[Description of the task]
Return exactly the span of lines in the following data that opens with the line containing "NISSAN VERSA 1.6 16V FLEX EXCLUSIVE XTRONIC NISSAN" and closes with the line containing "Calico Critters Adventure Treehouse Gift Set". Include nothing else.

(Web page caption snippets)
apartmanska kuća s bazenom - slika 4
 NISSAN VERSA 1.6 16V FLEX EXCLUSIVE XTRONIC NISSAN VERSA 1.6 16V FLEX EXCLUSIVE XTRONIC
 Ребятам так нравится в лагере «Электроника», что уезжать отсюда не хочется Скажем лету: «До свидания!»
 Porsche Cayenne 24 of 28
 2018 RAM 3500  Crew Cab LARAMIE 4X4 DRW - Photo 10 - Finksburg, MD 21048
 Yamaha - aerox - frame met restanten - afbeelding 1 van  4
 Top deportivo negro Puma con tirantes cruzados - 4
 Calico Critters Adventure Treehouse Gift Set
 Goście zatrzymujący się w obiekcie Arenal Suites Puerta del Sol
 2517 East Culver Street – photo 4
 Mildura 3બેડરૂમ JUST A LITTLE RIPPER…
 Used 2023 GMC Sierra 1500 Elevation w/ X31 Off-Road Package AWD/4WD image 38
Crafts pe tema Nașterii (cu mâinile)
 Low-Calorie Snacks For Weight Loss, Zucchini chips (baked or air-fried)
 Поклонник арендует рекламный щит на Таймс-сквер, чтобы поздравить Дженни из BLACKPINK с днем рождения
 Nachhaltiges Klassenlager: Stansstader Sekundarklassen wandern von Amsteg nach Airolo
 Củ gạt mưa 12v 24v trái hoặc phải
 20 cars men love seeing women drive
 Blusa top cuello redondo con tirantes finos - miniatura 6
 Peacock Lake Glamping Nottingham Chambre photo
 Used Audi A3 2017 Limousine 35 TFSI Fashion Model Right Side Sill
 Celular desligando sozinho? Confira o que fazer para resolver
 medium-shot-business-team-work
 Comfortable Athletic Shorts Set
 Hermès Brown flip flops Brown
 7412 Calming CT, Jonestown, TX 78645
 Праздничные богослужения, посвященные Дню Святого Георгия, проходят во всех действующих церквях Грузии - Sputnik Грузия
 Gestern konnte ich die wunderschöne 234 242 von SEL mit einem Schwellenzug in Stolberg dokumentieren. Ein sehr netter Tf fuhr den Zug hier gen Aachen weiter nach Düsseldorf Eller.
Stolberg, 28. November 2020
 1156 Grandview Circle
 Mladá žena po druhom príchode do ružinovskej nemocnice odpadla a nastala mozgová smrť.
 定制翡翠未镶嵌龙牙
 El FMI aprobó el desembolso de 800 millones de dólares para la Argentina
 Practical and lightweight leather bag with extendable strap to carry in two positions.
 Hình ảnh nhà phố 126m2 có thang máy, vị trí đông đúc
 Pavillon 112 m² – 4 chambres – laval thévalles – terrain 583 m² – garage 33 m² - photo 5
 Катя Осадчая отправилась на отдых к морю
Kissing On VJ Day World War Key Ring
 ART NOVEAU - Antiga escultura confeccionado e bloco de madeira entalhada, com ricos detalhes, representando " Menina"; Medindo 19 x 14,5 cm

[Written reply]
 NISSAN VERSA 1.6 16V FLEX EXCLUSIVE XTRONIC NISSAN VERSA 1.6 16V FLEX EXCLUSIVE XTRONIC
 Ребятам так нравится в лагере «Электроника», что уезжать отсюда не хочется Скажем лету: «До свидания!»
 Porsche Cayenne 24 of 28
 2018 RAM 3500  Crew Cab LARAMIE 4X4 DRW - Photo 10 - Finksburg, MD 21048
 Yamaha - aerox - frame met restanten - afbeelding 1 van  4
 Top deportivo negro Puma con tirantes cruzados - 4
 Calico Critters Adventure Treehouse Gift Set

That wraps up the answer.